Thank you Juliet Your words were a great comfort.  Yes I need to protect myself & move away from negativity. My real life is beautiful in so many ways & loved ones & true friends appreciate my story without being intimidated by it. I hope I can salvage something with my friend but possibly not, whom has now apologised she had done that ** post in some hurt place. Only she knows why & I'm thankful I don't have to live with that as I would never intentionally want to hurt her. Life lessons I guess, I'm never too old for them I'm cocooning myself in the company of lovely people & my hubby for the time being. I won't be using this outlet anymore as I've realised I've out grown the main functions of it but please do know genuinely thank you for being kind to me. Xoxo


----------



## Cloudy (Jan 26, 2012)

GG - I know you might not see this, but I wanted to send you a hug and my love  

These things on ** are what stop me actually going on it at all - it's too painful. The fact that's it's too painful is ok though, it's not a reflection of us, it's just a reflection of the way the modern world makes grief harder sometimes: whilst at the same time giving us other outlets that maybe help with grief (access to support, blogs, advice, forums etc).
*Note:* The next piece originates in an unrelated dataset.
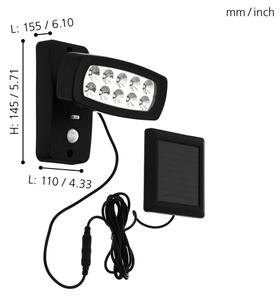 Eglo 98187 - Solárne LED nástenné svietidlo so senzorom PALIZZI LED/1,2V IP44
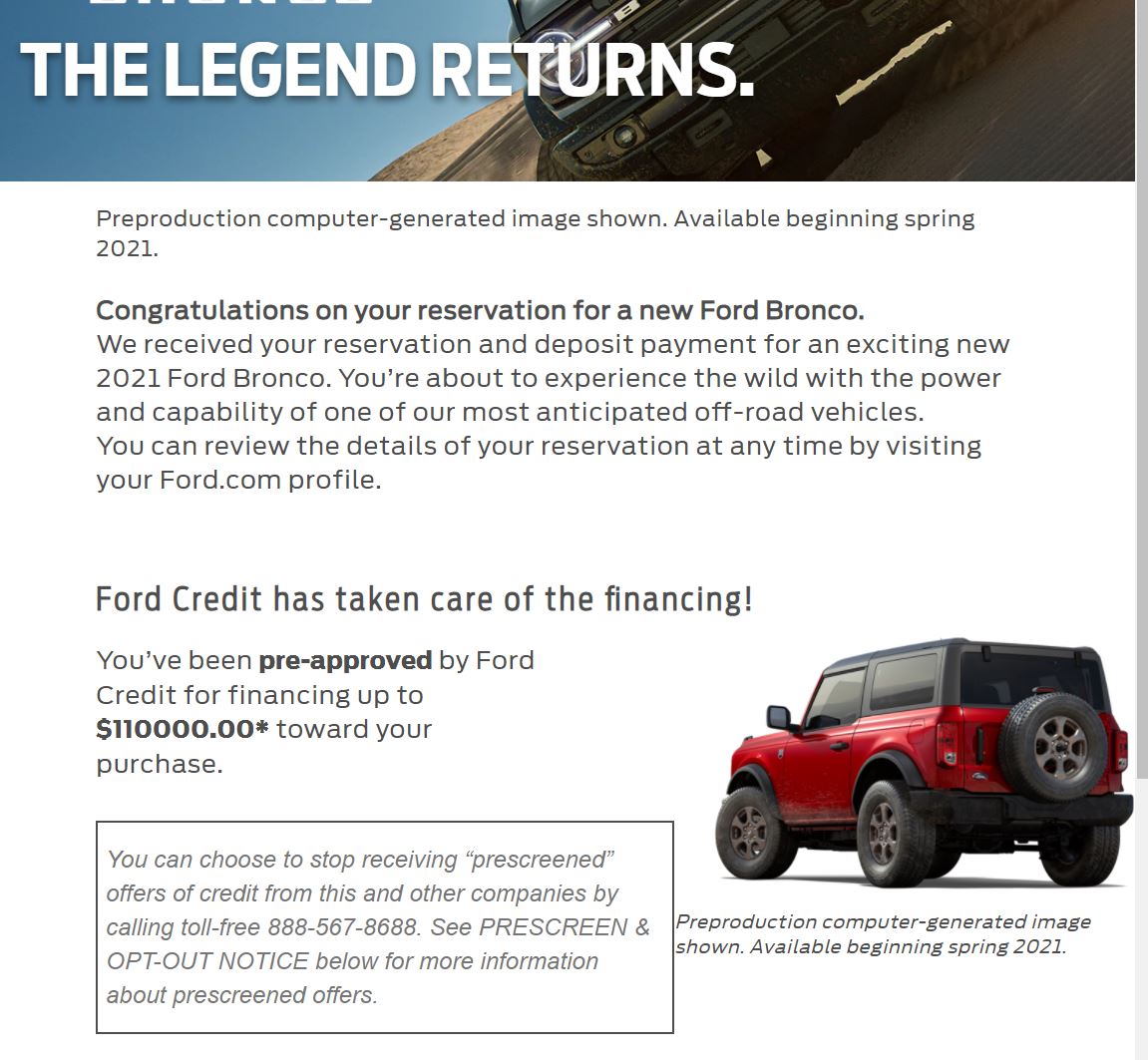 Ford Bronco Anyone else get a Pre-Approval notice on their Bronco Reservation? 1606434166168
Please be kind to yourself. I have struggled with the issue of friendship to the point I feel I have no true friends, not in the sense of the word that they have understanding of me. But, I agree with you that my lovely husband is my best friend - albeit a very annoying one at times   - although i don't always truly appreciate or see him that way.

I am glad that you have taken something from this difficult situation and hope that you can develop a stronger, if not different friendship with your friend.

Thinking of you always  

Xxx


----------



## Dancing duck (Sep 12, 2014)

Social media can be the best thing and also the worst thing in the world.
One thing someone once said to me is that people usually only post about their happiness, proud moments, triumphs etc which give an unrealistic perception as to how great their life is compared to yours and so if you read it when you are feeling down it only enhances your feelings.
It has been shown to have a negative impact on peoples self-esteem but its something we can't really get away from in this day if we want to keep in touch with friends and family.
Don't take it personally and try and see it for what it is - nothing more than online showing off....


----------